Côte d’Ivoire Experiences Connectivity Degradation
Côte d’Ivoire experienced a significant connectivity disruption on June 21, 2026, with degraded network reachability observed for nearly six hours. The event began at 18:50 UTC and persisted until 00:30 UTC the following day, registering a severity score of 3,850. The primary impact was measured in the active probing of IPv4 network prefixes.
Technical Details
The disruption was most pronounced in the ping-slash24 signal, which measures ICMP reachability across IPv4 /24 network prefixes. This signal recorded a severity score of 3,850, with two distinct periods of degradation.
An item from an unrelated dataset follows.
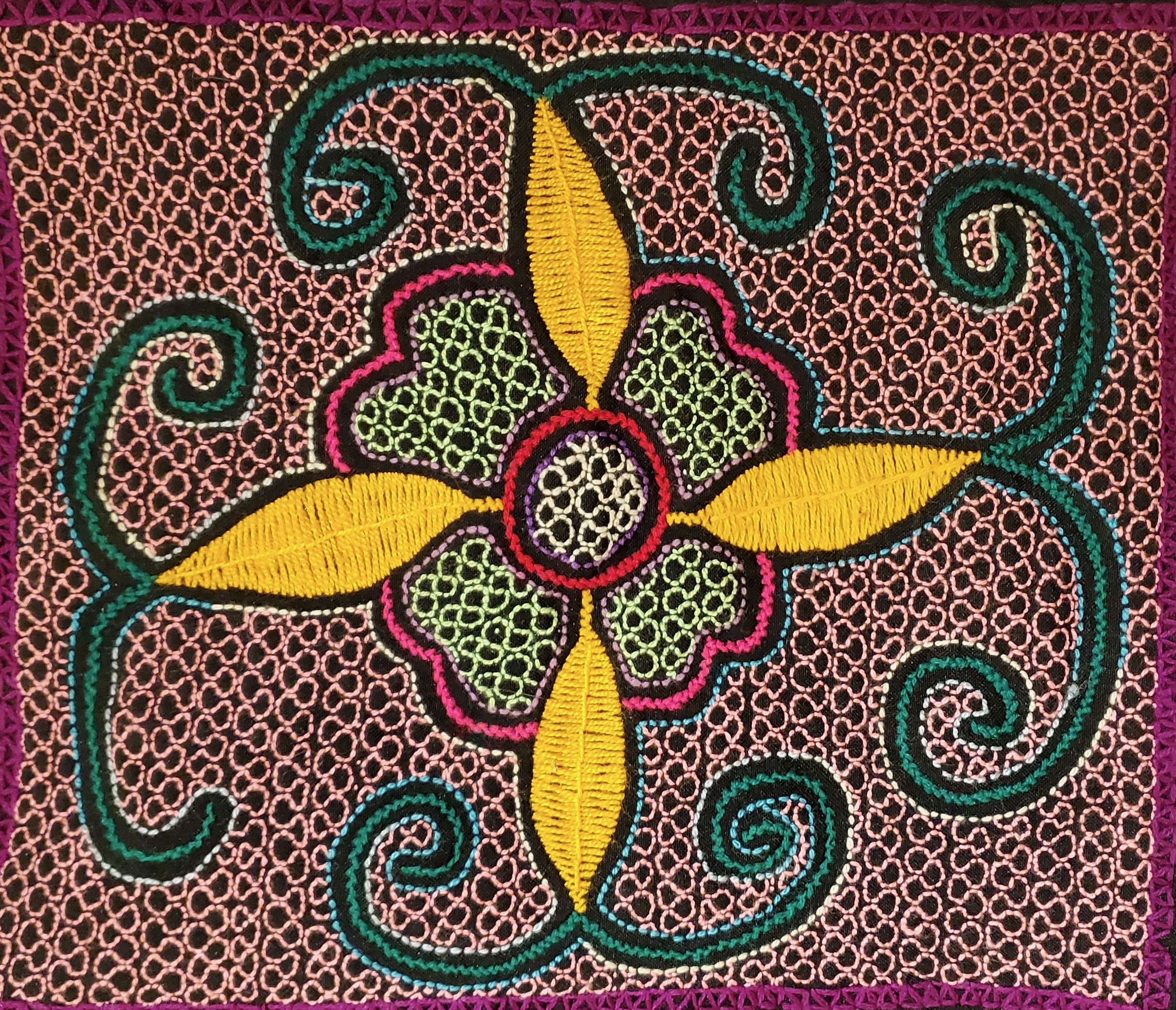 A photograph of a textile crafted by ayahuasca practitioner Miguel Muñoz of Llamancha, Perú.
The first occurred between 18:50 and 19:50 UTC, scoring 1,204. A second, more severe period followed from 22:20 UTC on June 21 to 00:30 UTC on June 22, scoring 2,646.
Other network health indicators showed varied impacts. The gtr.sarima signal, which forecasts deviation from an expected traffic baseline, recorded a 28% drop from its peak. The normalized version of this signal, gtr-norm, showed a 67% drop. The merit-nt signal, a backscatter measurement used as a proxy for aggregate connectivity, registered a 70% drop from its peak. The border gateway protocol (BGP) control plane signal, which reflects routing visibility for network prefixes, showed no measurable change during the event.
Reported Cause
The cause of the disruption has not been publicly attributed.
Network reachability was reported restored by 00:30 UTC on June 22.